I have solved for b and c using inverses, and got that b=a-1(ca) and c=(ab)a-1. The second half of the problem states that b=c. So I wanted to use replacement to show that the group is abelian. But I'm not sure if that would prove G is abelian for any arbitrary b and c or if its only commutative for this exact pair.
• Jan 28th 2010, 01:00 PM
clic-clac
Hi

Perhaps it is better to start with two elements, let's say \$\displaystyle a,b,\$ in \$\displaystyle G.\$ You want to prove \$\displaystyle ab=ba\$.
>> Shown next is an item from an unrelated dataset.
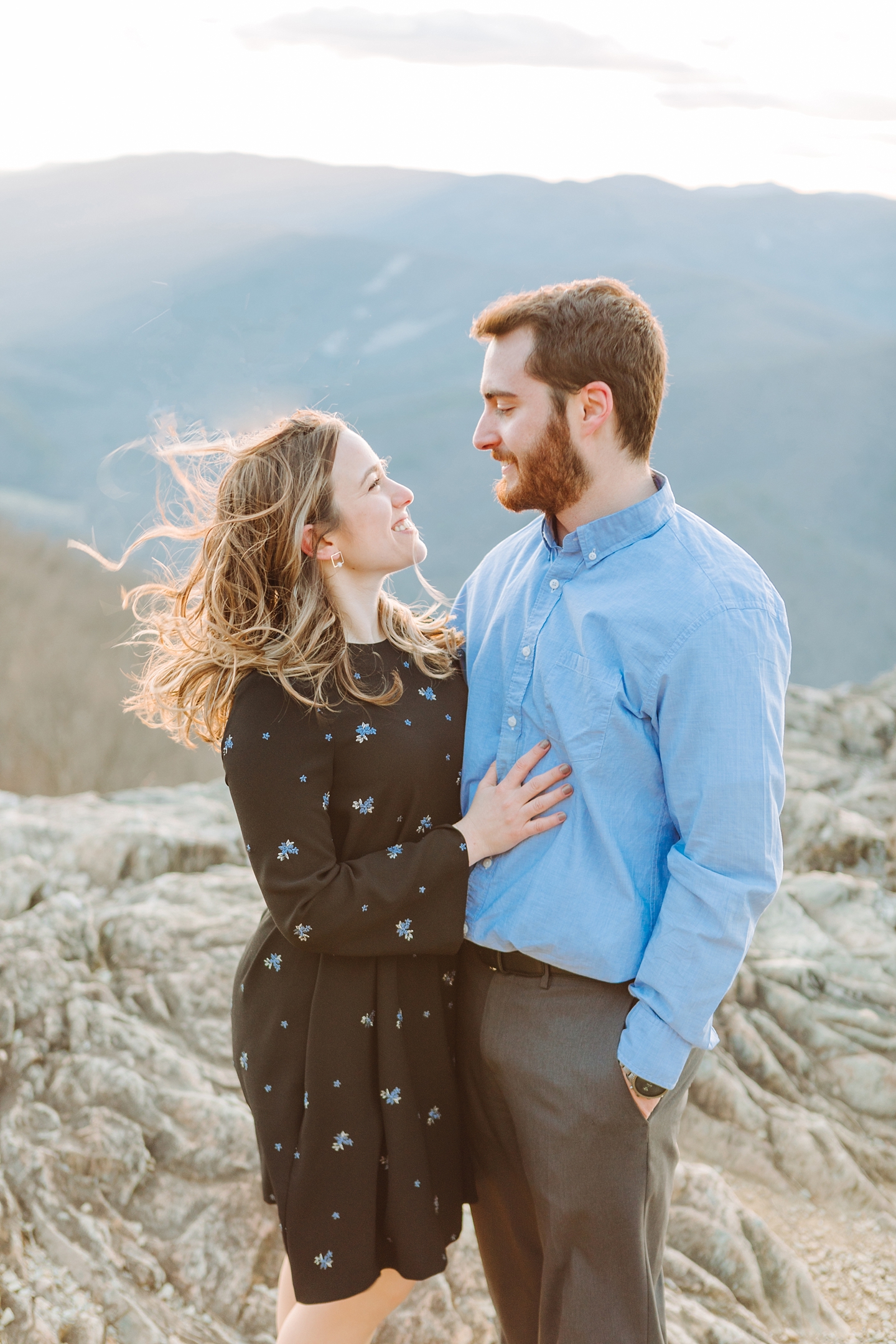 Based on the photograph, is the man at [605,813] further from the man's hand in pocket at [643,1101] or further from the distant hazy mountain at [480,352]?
the distant hazy mountain at [480,352]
Inverses are indeed often useful for group equations: take a look at \$\displaystyle ab=ab(a^{-1}a)\$ using associativity and your hypothesis.
• Jan 28th 2010, 01:31 PM
nataliemarie
I'm sorry I don't think I understand. I could regroup by the associative property stating
ab=(aba-1)a
and I previously found that c=(aba-1) so by replacement ab=ca so therefore b=c. But I'm still confused about how to prove the group is abelian. I'm missing something.
• Jan 28th 2010, 11:30 PM
clic-clac
Well, you have \$\displaystyle ab=(aba^{-1})a\$

You can define \$\displaystyle c:=aba^{-1}\$ if you want, so, by hypothesis, you have: \$\displaystyle b=c,\$ i.e. \$\displaystyle b=aba^{-1},\$ and you can conclude.
• Jan 29th 2010, 08:32 AM
nataliemarie
yea i realized that a couple minutes after i had replied. (Headbang) thank you sooo much for the explanation!